Reforzar el poder del Estado, la acertada estrategia de Petro para hacer frente a la crisis climática
Aunque el presidente de Colombia ha defendido hasta la saciedad su apuesta por la transición energética, no ha podido llevarla a cabo por completo por las leyes vigentes, que le dejan al Gobierno muy poco margen de maniobra
El presidente Gustavo Petro situó desde el inicio de su mandato las políticas ecológicas como un eje central de su Gobierno. Descarbonizar la economía, iniciar el decrecimiento del sector del petróleo y carbón, reducir el impacto ambiental de la minería o promover las energías renovables son algunas de sus prioridades. Lo ha repetido hasta la saciedad en una multitud de foros nacionales e internacionales pero, pasado el ecuador de su mandato, los resultados concretos son solo parciales. La principal razón son las limitaciones del Estado colombiano: Petro ha heredado de presidentes anteriores una administración con un poder regulatorio muy reducido en aspectos clave para la transición socioecológica, y la complicada aritmética parlamentaria está dificultando paliar esta debilidad estatal.

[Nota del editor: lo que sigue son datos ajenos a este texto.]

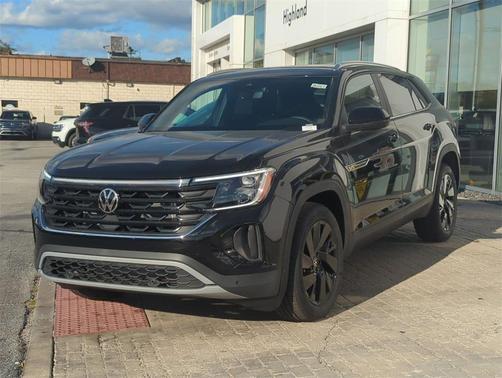 2026 Volkswagen Atlas Cross Sport 2.0T SE w/Technology 4MOTION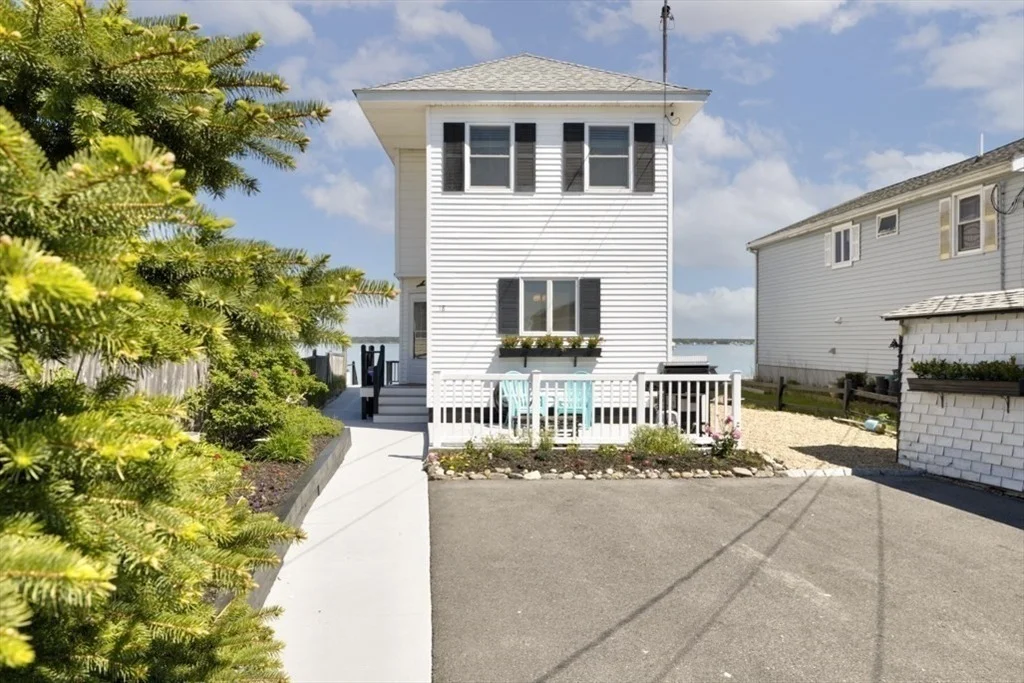 Photo of 18 River St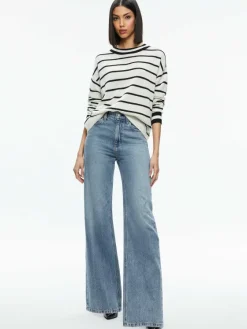 Women Alice and Olivia Fila Crewneck Pullover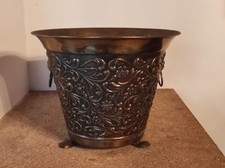 Ancien et beau cache-pot - laiton sculpté-Feuillages et fleurs-têtes lions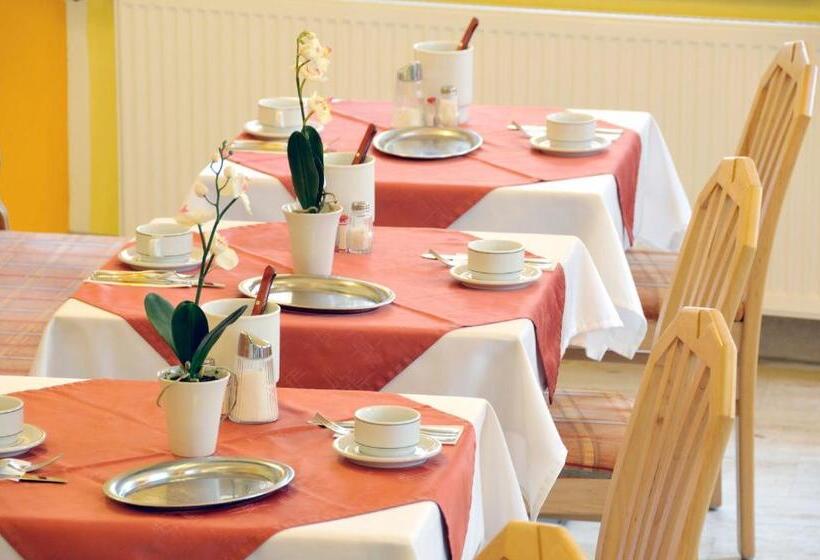 ホテル Pension Martha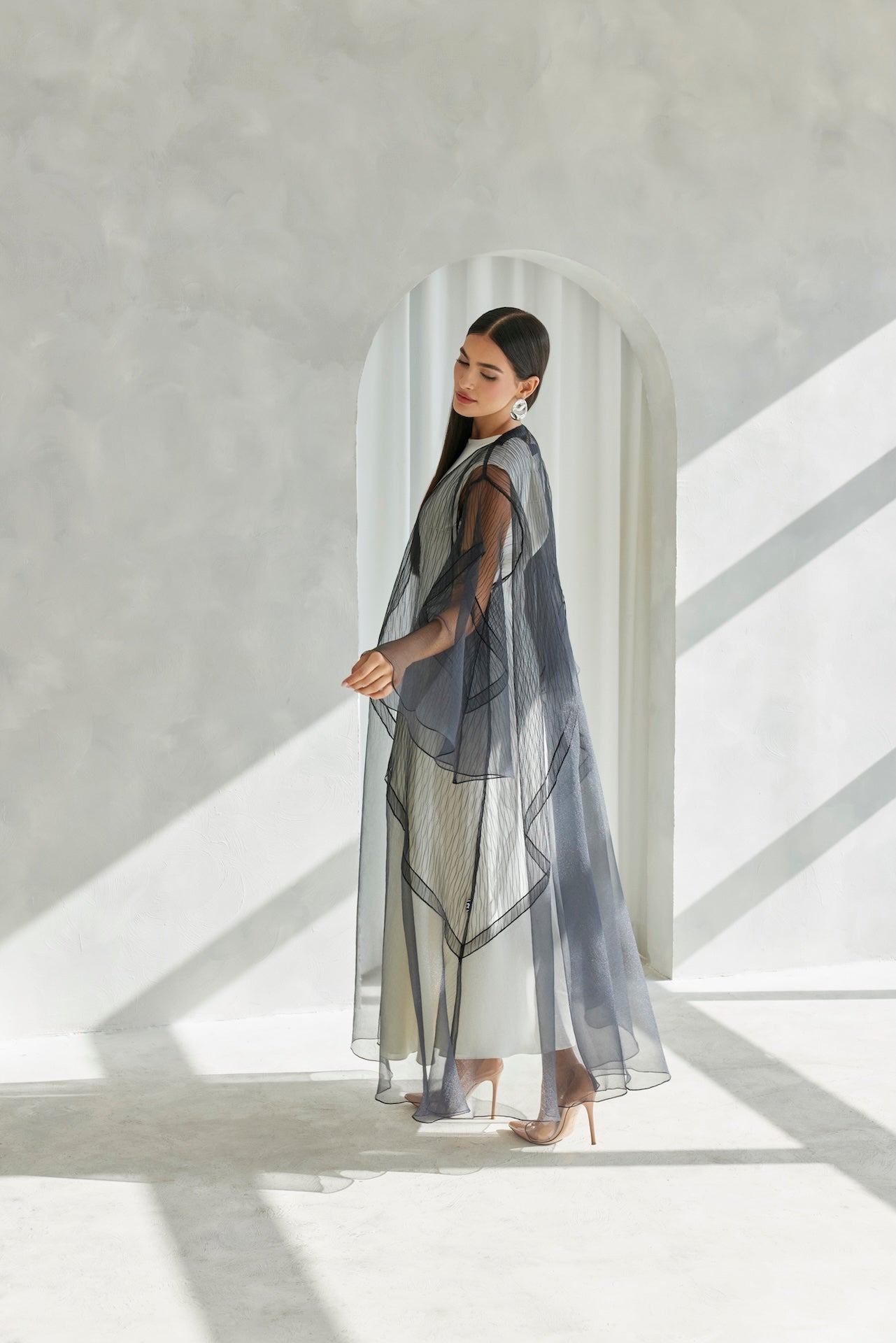 Lina - The McQueen Boutique - Abaya - Abaya Dubai - Abaya Abu Dhabi - Abaya UAE - Abaya - Elegant - Luxury - Emirati - Classic - Modern - Occasion - Traditional - Trends - Embroidery - Modes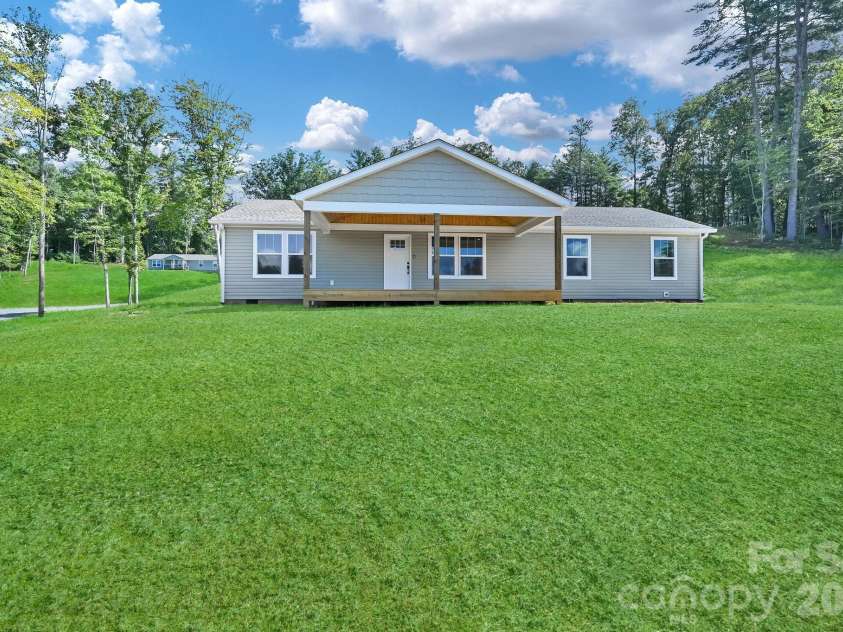 35 Rutledge Lane, Mars Hill, NC 28753.  MLS# CAR4416551, YatesRealty ID 45603. 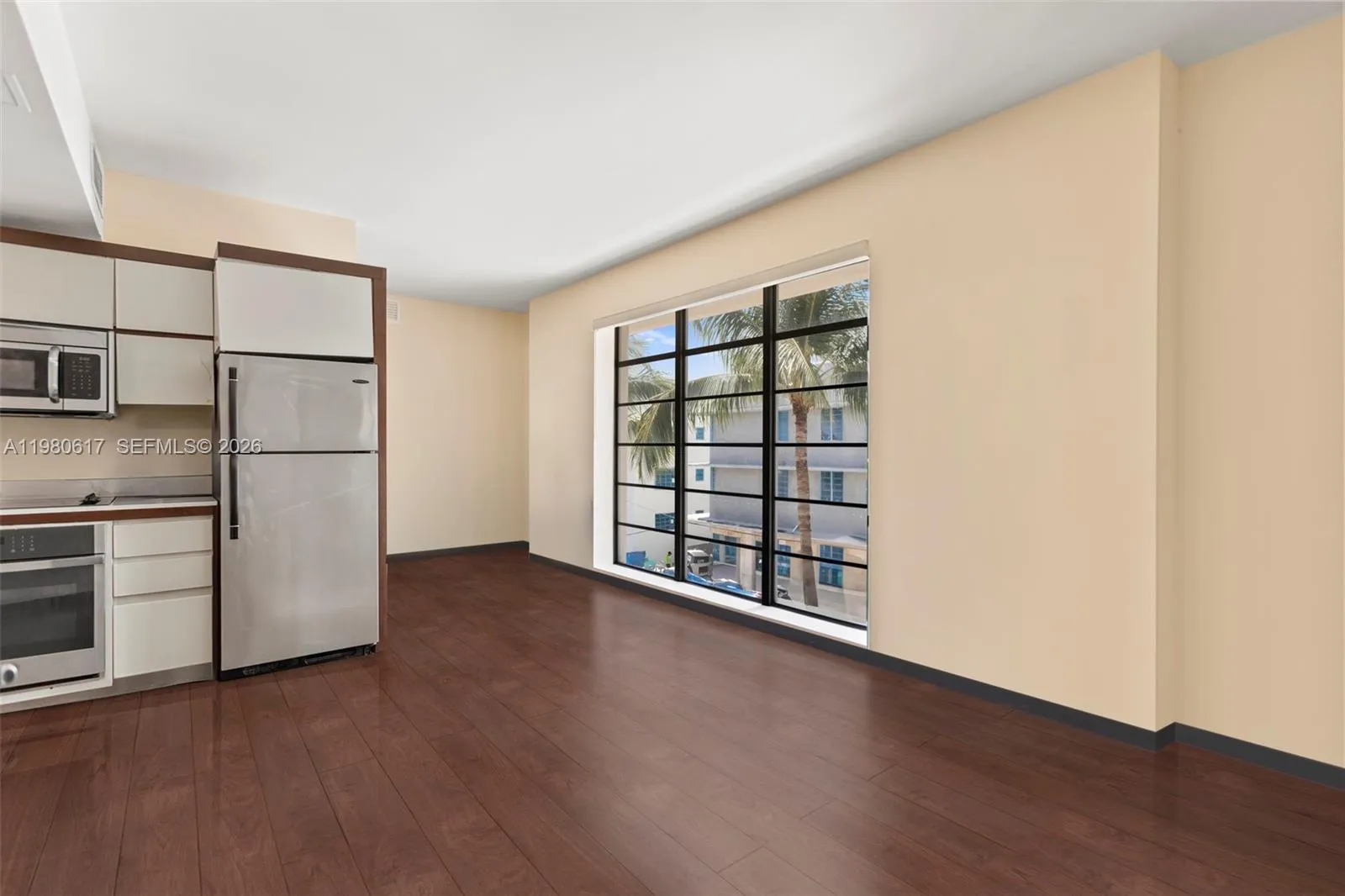 435 21st St 301, Miami Beach, Florida 33139, Miami Beach, Florida 33139, 2 Bedrooms Bedrooms, ,2 BathroomsBathrooms,Residential Lease,For Rent,435 21st St 301, Miami Beach, Florida 33139,A11980617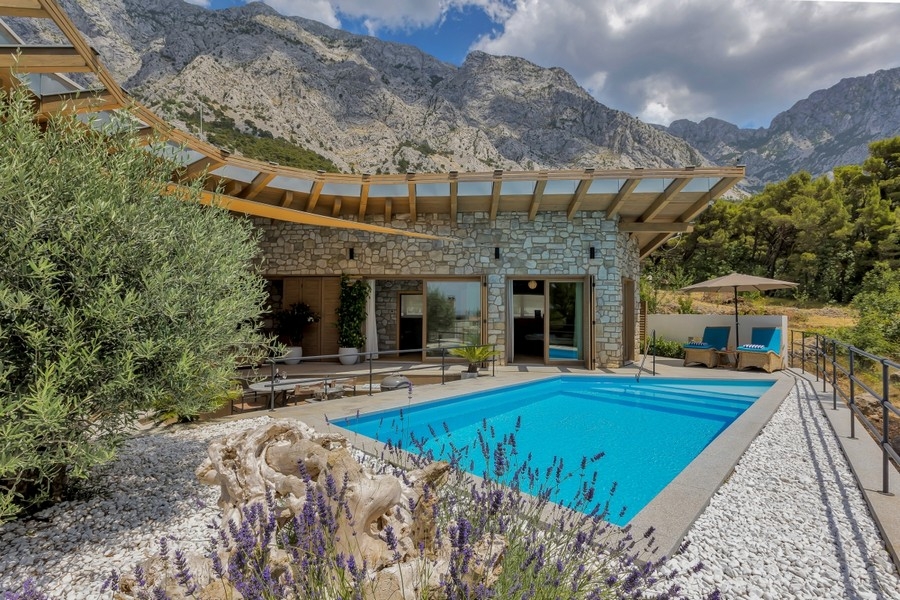 Villa in pietra con piscina e pergola vicino a Makarska
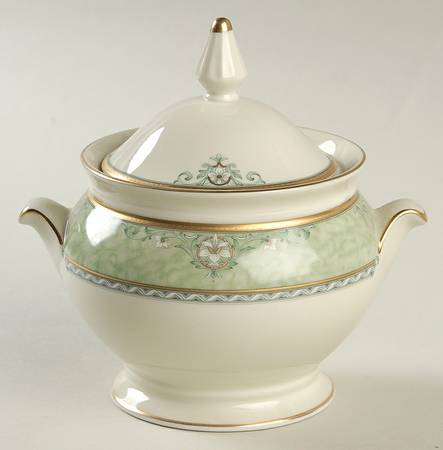 Emerald Park Sugar Bowl & Lid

La minería es el mejor ejemplo. Con la legislación actual, la administración no puede condicionar la apertura de nuevas explotaciones siguiendo criterios ambientales, sociales o de participación comunitaria en los beneficios de la mina. De hecho, rige el principio de que la primera empresa que solicita una concesión la recibe, independientemente de los impactos previstos de su explotación. El Estado tampoco tiene instrumentos para obligar a una empresa minera a hacerse cargo de los efectos a largo plazo de una explotación tras su cierre, un aspecto denunciado por la organización Censat Agua Viva. Si no se aprueba la nueva Ley Minera impulsada por el Gobierno, tampoco será posible iniciar el decrecimiento del sector del carbón térmico, altamente contaminante y con un mercado global en descenso.
La debilidad del Estado también está lastrando los planes de Petro de impulsar la energía eólica y solar de manera que beneficien más a las comunidades locales. La Guajira, con más de 2.800 aerogeneradores proyectados mientras las poblaciones wayuu carecen de electricidad, es el mejor ejemplo de una injusticia que se debe resolver para que la expansión renovable no se convierta en una nueva forma de extractivismo verde. Sin embargo, el actual Gobierno ha heredado decenas de proyectos que se adjudicaron sin tener en cuenta las necesidades ni las aportaciones de la población local, y ahora son muy difíciles de revertir o modificar. El Plan Nacional de Desarrollo 2022-2026 incrementó el porcentaje del beneficio que las empresas deben repartir a las comunidades locales, pero seguramente no será suficiente para detener el descontento de la población. Más efectivo sería que las compañías incorporasen a la población local a la propiedad de los parques eléctricos, como propuso el propio Gobierno, pero no hay forma legal de obligarlas.
En la lucha contra la deforestación, el Gobierno nacional ha apostado por dos ejes: los acuerdos sociales para implicar a las comunidades en la conservación de los bosques y el sistema de créditos de carbono, que permite a empresas contaminantes compensar sus emisiones financiando, entre otros, proyectos de conservación forestal. La incapacidad de control por parte del Estado de este mercado de la contaminación es flagrante: durante años, ni siquiera estuvo activo el registro nacional de los proyectos de compensación, por lo que resultaba imposible supervisar el cumplimiento de los objetivos de reducción de emisiones. Además, tanto en Colombia como en otros países se acumulan las denuncias de violación de los derechos de las comunidades locales por parte de estos proyectos, así como graves fraudes en las reducciones de emisiones prometidas. Se trata de un ejemplo más de que los mecanismos de mercado nunca serán suficientes para hacer frente a la crisis climática.
La conclusión es clara y sirve más allá de Colombia: para hacer realidad la transición socioecológica, los Estados necesitan recuperar la capacidad regulatoria que tenían antes de la contrarrevolución neoliberal de los años 80 y 90. La sociedad también tiene un papel fundamental – la labor de los defensores del medio ambiente o las comunidades energéticas son dos ejemplos – pero solo el Estado tiene la capacidad legislativa y burocrática necesaria para una revolución productiva de la envergadura que se necesita para revertir la crisis climática y ecológica. Ojalá lo entiendan los gobiernos de todos los colores políticos, antes de que sea demasiado tarde.